Auch die nach oben hin etwas kantig auslaufenden Tauchrohre liegen bei mir optisch ganz weit vorn. Das „Espresso Coating“ ist sicherlich Geschmackssache. Für mich bildet es eine gute ästhetische Symbiose mit dem Kashima-Coating des Fox Dämpfers im Hinterbau meines Rades. Mit dem goldgelben Einstellrädchen für die Low-Speed-Compression an der Gabelkrone bringen die Italiener eine weitere Farbe ins Designkonzept mit ein. In meinen Augen ein Farbtupfer zu viel beim sonst gelungenen Gesamtkonzept. Das Design der Gabelkrone fällt bei all den bisherigen optischen Schmankerln vergleichsweise einfach aus.

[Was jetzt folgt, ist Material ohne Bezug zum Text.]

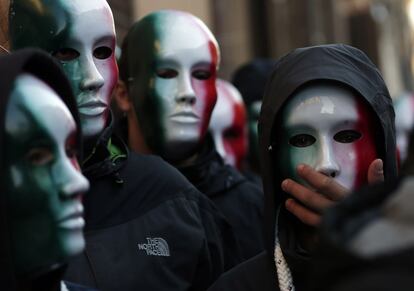 Miembros de la organización de extrema derecha `Casa Pound´ llevan máscaras con los colores verde, blanco y rojo de la bandera italiana antes de una manifestación organizada por un grupo conocido por los `forconi´ (los de las horcas de labrador) para protestar contra la inseguridad económica y el gobierno, en el centro de Roma.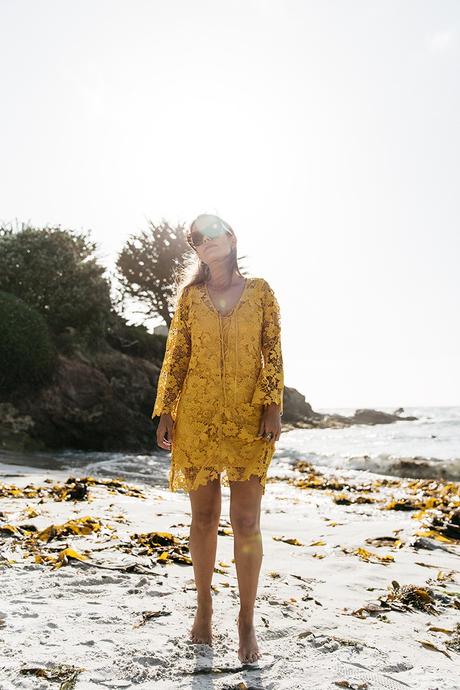 Carmel_By_The_Sea-Collage_On_The_Road-Lace_Dress-Yellow-Beach_outfit-Collage_Vintage-12
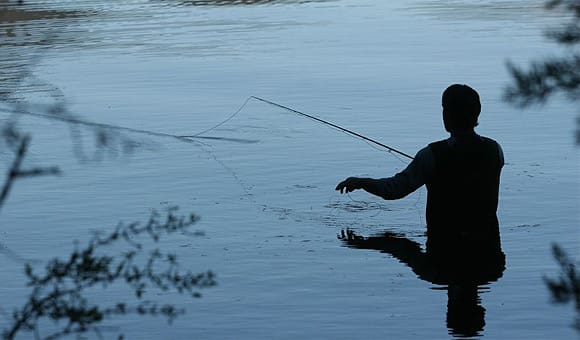 Pesca en el lago Nasser
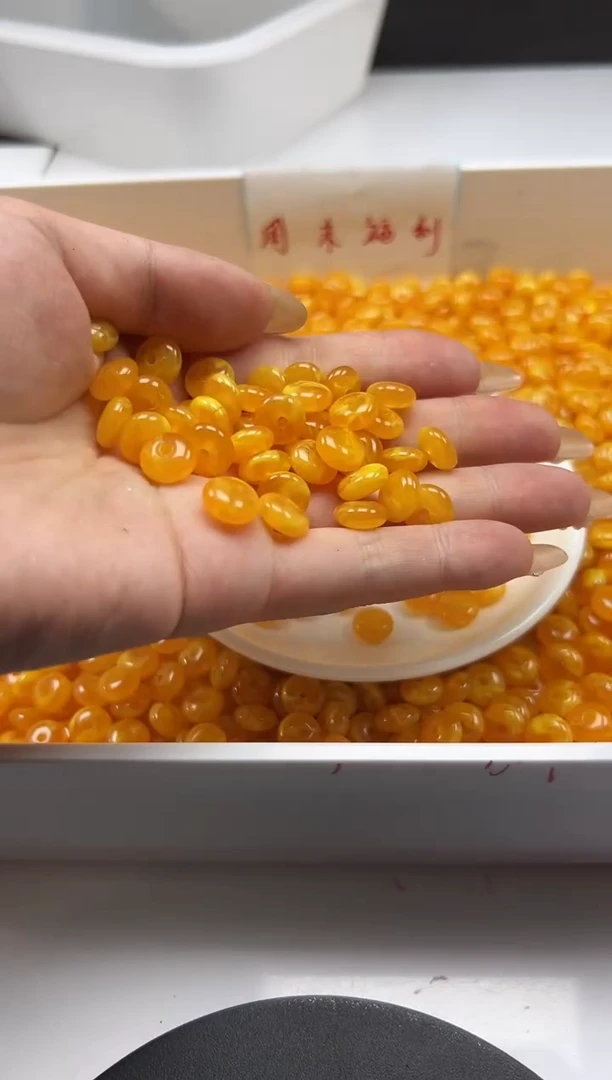 蜜蜡颈饰未镶嵌w1132鸡油黄算盘10*5mm*10颗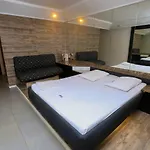 Eden Hotel (Adults Only)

Etwas für die Finger – Einstellungsmöglichkeiten
Die 350NCR macht einiges anders als die namenhaften Konkurrenten, damit allerdings nicht automatisch alles besser. Der Luftdruck wird für mich ungewohnter Weise auf der in Fahrtrichtung rechten Seite der Gabel über ein Schraderventil an der Gabelkrone eingestellt. Leider findet sich weder ein Gummiring am Standrohr als Hilfsmittel zur Bestimmung des SAG, noch eine Luftdrucktabelle am Casting. Allerdings kann man sich über einen QR Code am Casting direkt auf die Marzocchi-Homepage inkl. Handbuch und Luftdrucktabelle leiten lassen. Willkommen in der schönen neuen digitalen Welt! Die Einstellung für die Druckstufe befindet sich an der in Fahrtrichtung linken Seite der Gabelkrone. Von dort aus führt ein Bowdenzug zum Remotehebel, mit dem die Druckstufe verhärtet werden kann. Der Hebel besitzt eine angenehme ergonomische Form und eine sinnvolle Kabelführung mit 90° Knick, ähnlich der Führung bei den Specialized Command Post Sattelstützen.

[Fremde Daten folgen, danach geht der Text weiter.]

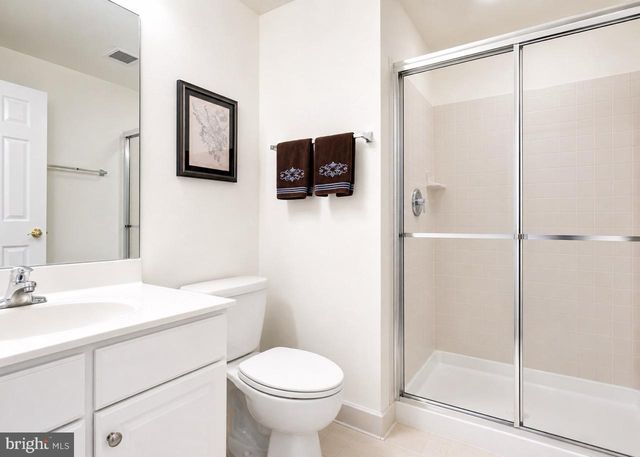 24697 SILTSTONE SQ, Aldie, VA 20105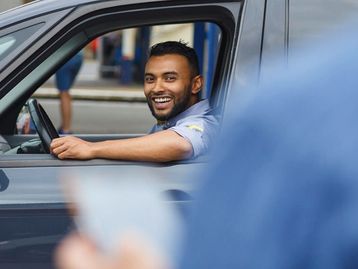 Corte da União Europeia decide: Uber não é app, é serviço igual aos táxis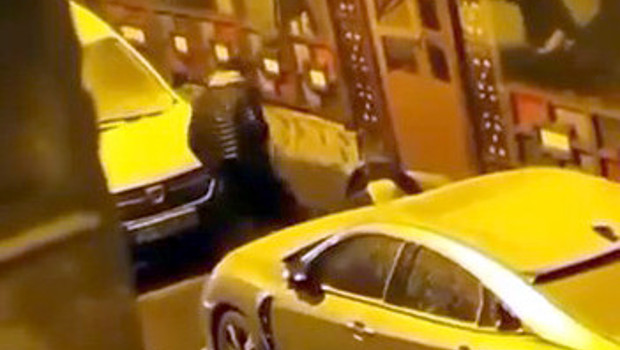 Avcılar'da tartıştığı kadını sokak ortasında tekme tokat darbetti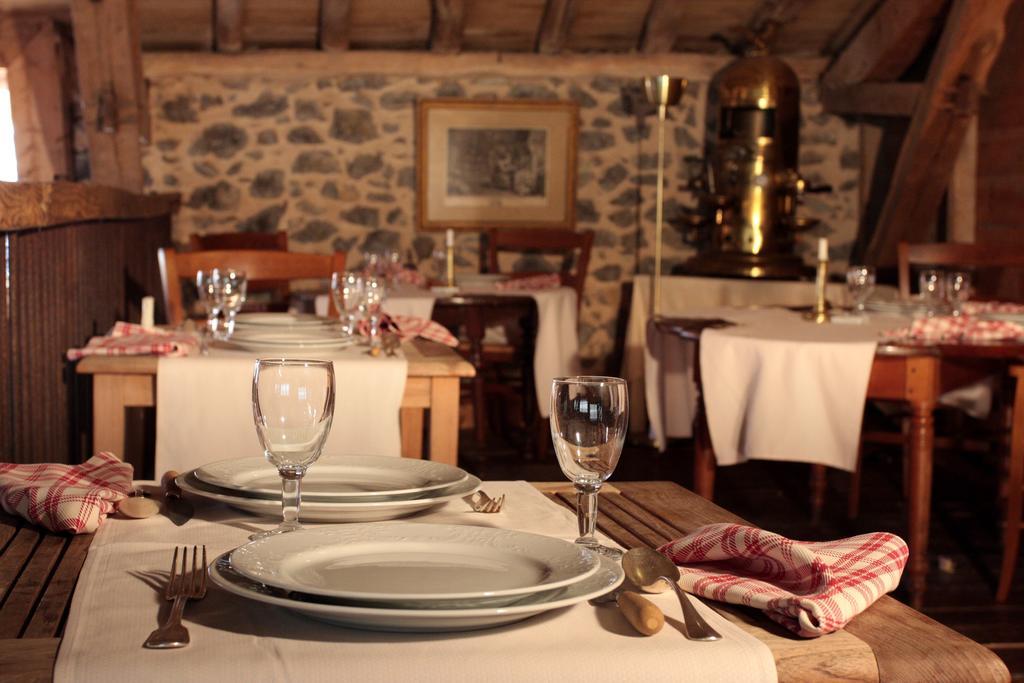 Hotel Logis - Chateau De Beauregard Saint-Girons  Esterno foto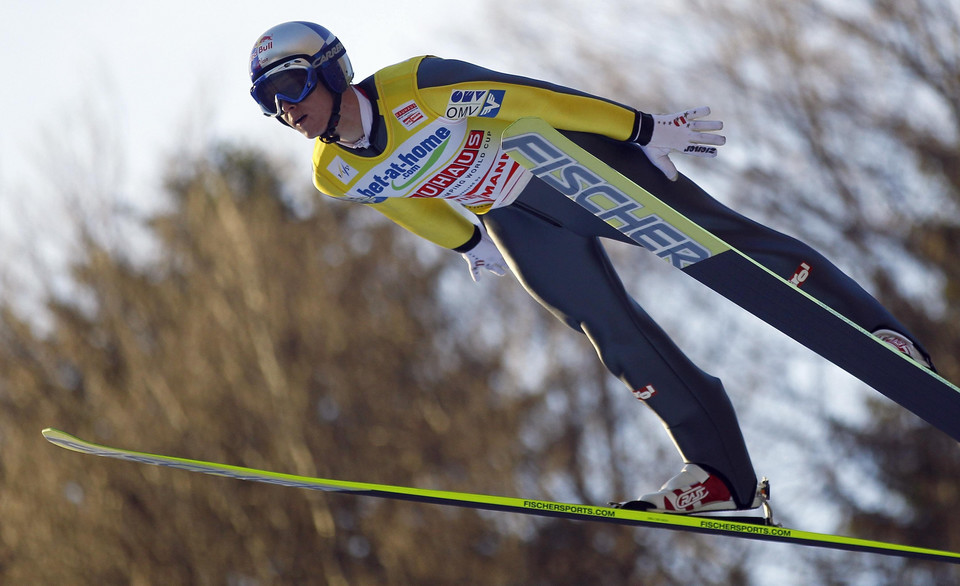 Germany, OBERSTDORF, 2011-02-05T150304Z_01_DOM03_RTRIDSP_3_SKI-JUMPING.jpg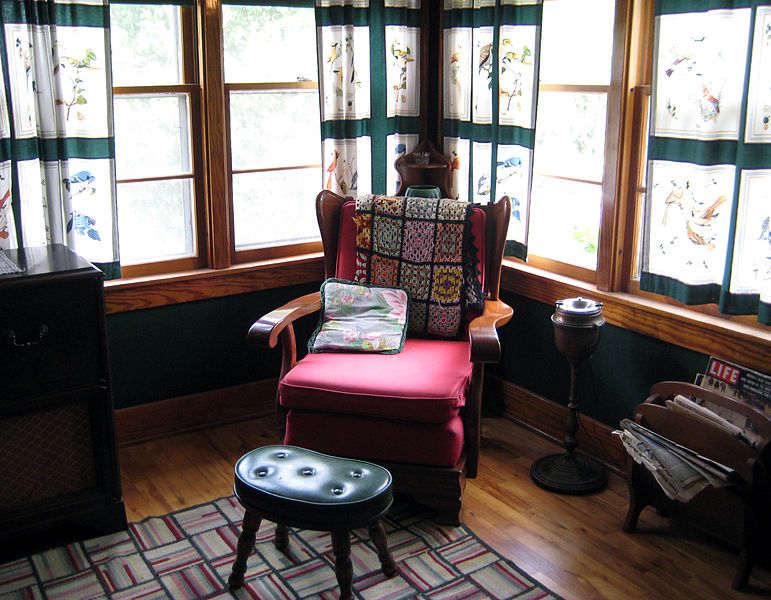 File:1950s-house interior.jpg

Die Low-Speed-Compression lässt sich manuell über ein Rädchen an der Gabelkrone verstellen. 27 Klicks stehen hier insgesamt für das Feintuning zur Verfügung. Positiv hierbei: Ich kann sowohl jeden Klick einzeln und mit etwas Gefühl definiert verändern, kann allerdings ebenso mit etwas Schwung und 2-3 Anläufen das komplette Pensum der Low-Speed-Druckstufe durchrattern. Ob das sinnvoll ist sei mal dahingestellt, vielleicht bei sich schnell und stark verändernden Bedingungen auf dem Trail, aber Spaß macht es allemal. Der Widerstand des Rädchens fällt allerdings vergleichsweise gering aus, sodass die Präzision bei der Einstellung etwas darunter leidet. Allerdings ist diese Einstellung, wie schon angedeutet, mit etwas Gefühl auch präzise möglich.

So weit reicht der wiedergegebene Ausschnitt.